Task statement: An exact, complete printout of the listing is wanted, minus its images.

Material provided:
+ + + + +

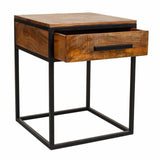 Nightstand Alexandra House Living Brown Black 61 x 57 x 61 cm-1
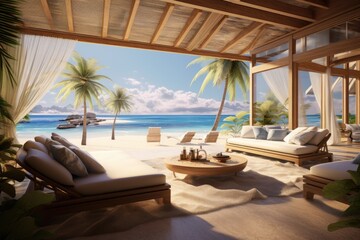 Fototapeta na wymiar Vacation and summer 3D render interior of an ocean facing villa with a beach lounge.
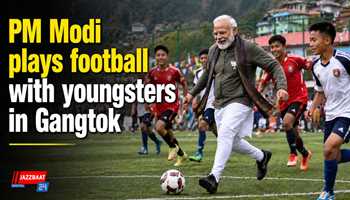 PM Modi plays football with youngsters in Gangtok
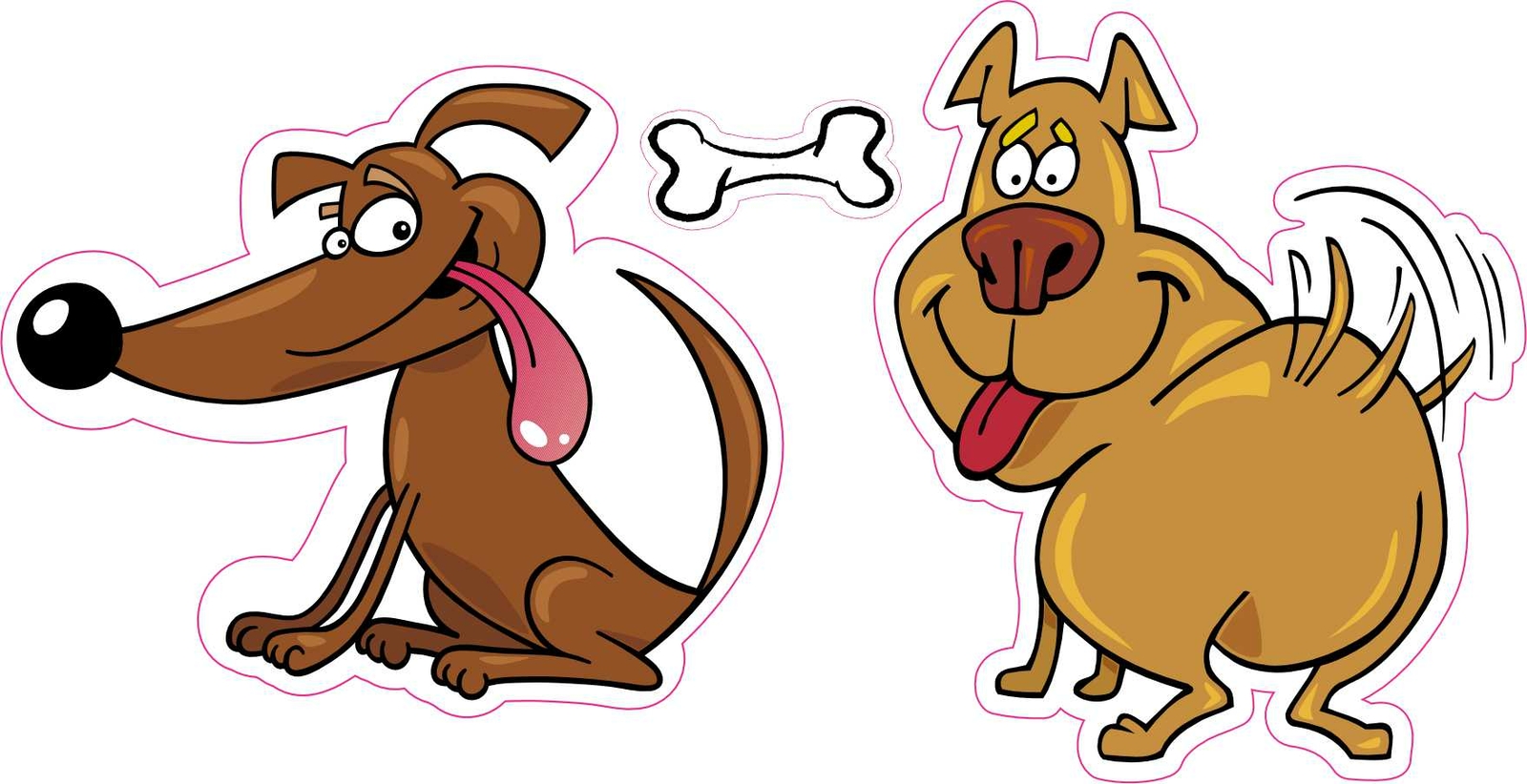 1 sheet of 3 Dog Vinyl Stickers, 1 at 3in x 2.5in, 1 at 2.5in x 3in, 1 at 1in x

+ + + + +

Response to this task:
 Nightstand Alexandra House Living Brown Black 61 x 57 x 61 cm-1
 Fototapeta na wymiar Vacation and summer 3D render interior of an ocean facing villa with a beach lounge.
 PM Modi plays football with youngsters in Gangtok
 1 sheet of 3 Dog Vinyl Stickers, 1 at 3in x 2.5in, 1 at 2.5in x 3in, 1 at 1in x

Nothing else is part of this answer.